»»
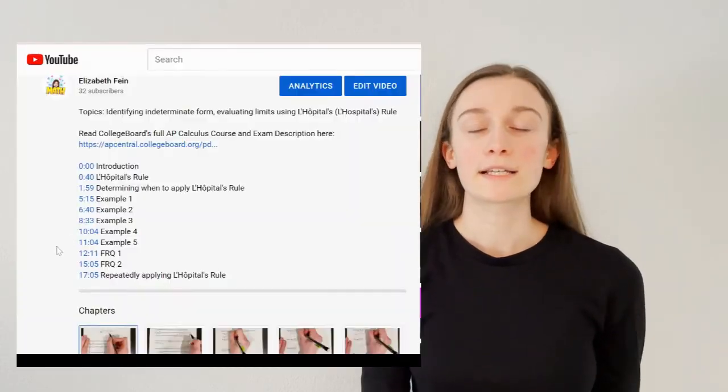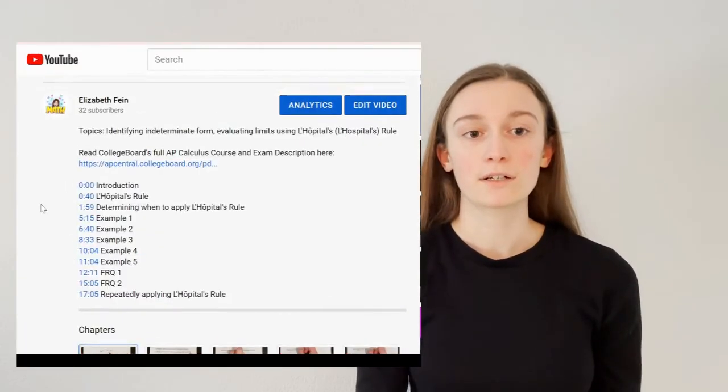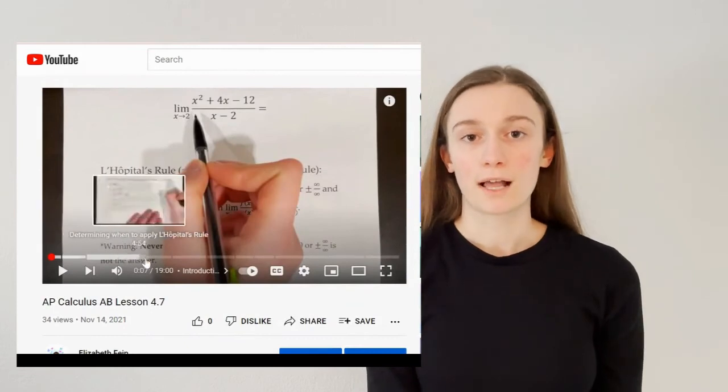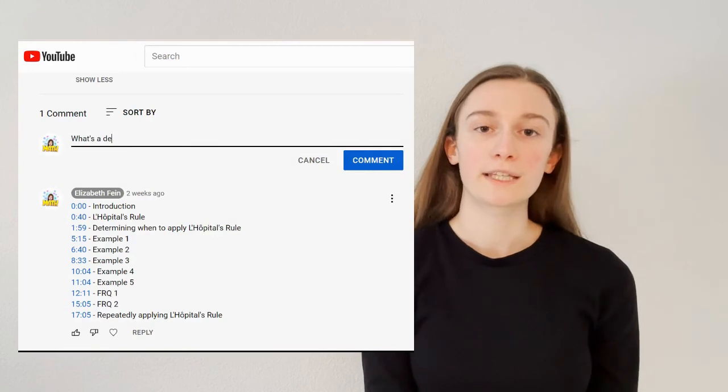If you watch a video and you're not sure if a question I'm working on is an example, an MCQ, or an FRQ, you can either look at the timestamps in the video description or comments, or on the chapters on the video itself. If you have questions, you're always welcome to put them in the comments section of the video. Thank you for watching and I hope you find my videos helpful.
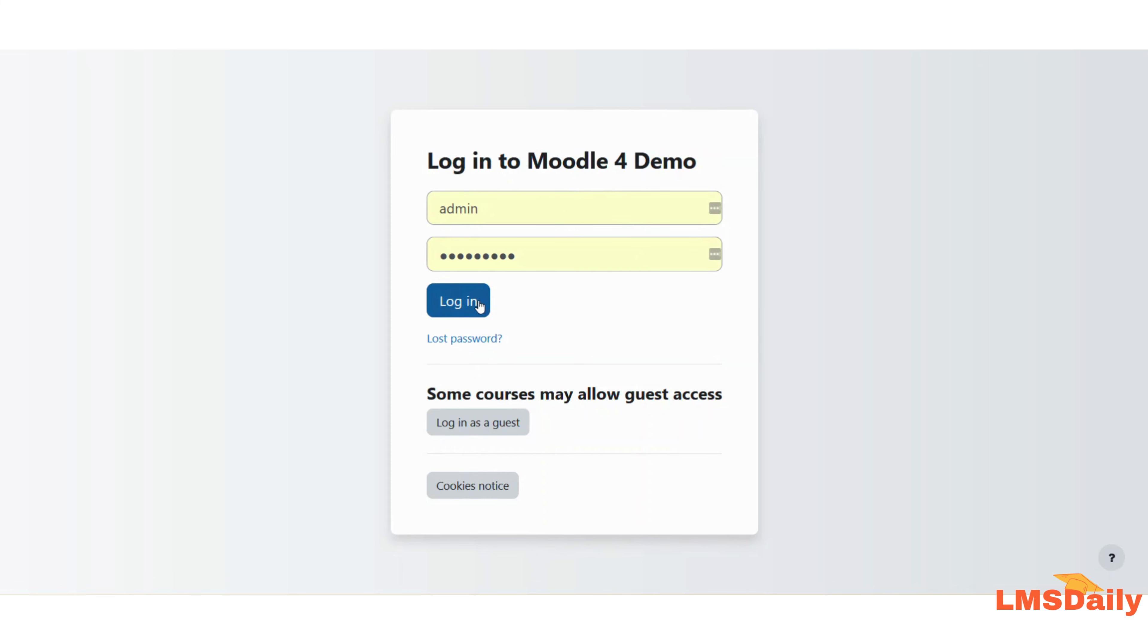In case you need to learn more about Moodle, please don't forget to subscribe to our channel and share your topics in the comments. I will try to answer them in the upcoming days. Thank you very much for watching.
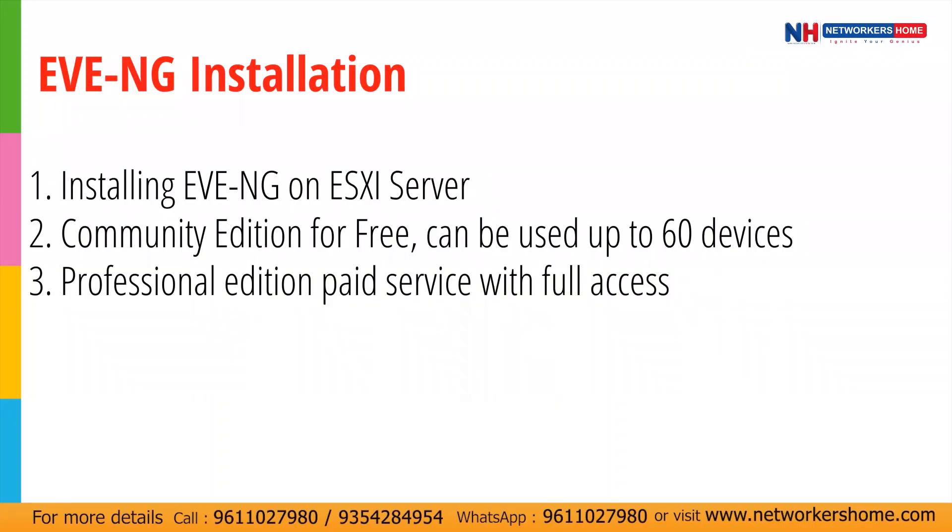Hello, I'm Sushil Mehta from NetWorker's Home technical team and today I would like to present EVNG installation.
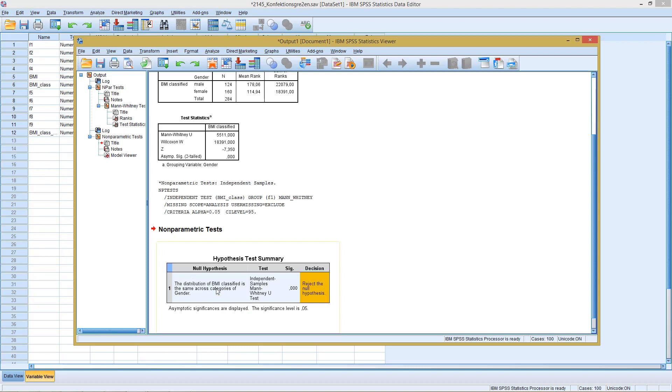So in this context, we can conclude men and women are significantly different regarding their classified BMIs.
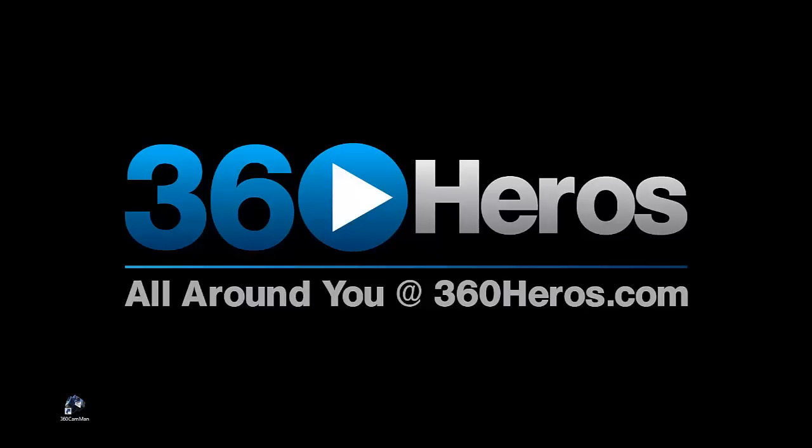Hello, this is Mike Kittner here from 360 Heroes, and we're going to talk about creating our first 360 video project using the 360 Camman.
««
»»
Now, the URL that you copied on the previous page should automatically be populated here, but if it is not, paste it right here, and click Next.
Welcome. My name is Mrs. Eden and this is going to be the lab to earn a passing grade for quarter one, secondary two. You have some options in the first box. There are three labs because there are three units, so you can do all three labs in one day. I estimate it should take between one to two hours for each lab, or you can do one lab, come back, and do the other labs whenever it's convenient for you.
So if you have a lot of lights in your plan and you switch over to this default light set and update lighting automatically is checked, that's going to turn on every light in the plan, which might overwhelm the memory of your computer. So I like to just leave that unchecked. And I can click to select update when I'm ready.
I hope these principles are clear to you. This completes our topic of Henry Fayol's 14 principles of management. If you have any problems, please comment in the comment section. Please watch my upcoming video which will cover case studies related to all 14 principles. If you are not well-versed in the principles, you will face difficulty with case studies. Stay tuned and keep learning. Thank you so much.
««
> _ASSIGNMENT_
Take the listing above and repeat exactly the lines from the one containing "Welcome. My name" through the one containing "So if you have", both included.

> _SOLUTION_
Welcome. My name is Mrs. Eden and this is going to be the lab to earn a passing grade for quarter one, secondary two. You have some options in the first box. There are three labs because there are three units, so you can do all three labs in one day. I estimate it should take between one to two hours for each lab, or you can do one lab, come back, and do the other labs whenever it's convenient for you.
So if you have a lot of lights in your plan and you switch over to this default light set and update lighting automatically is checked, that's going to turn on every light in the plan, which might overwhelm the memory of your computer. So I like to just leave that unchecked. And I can click to select update when I'm ready.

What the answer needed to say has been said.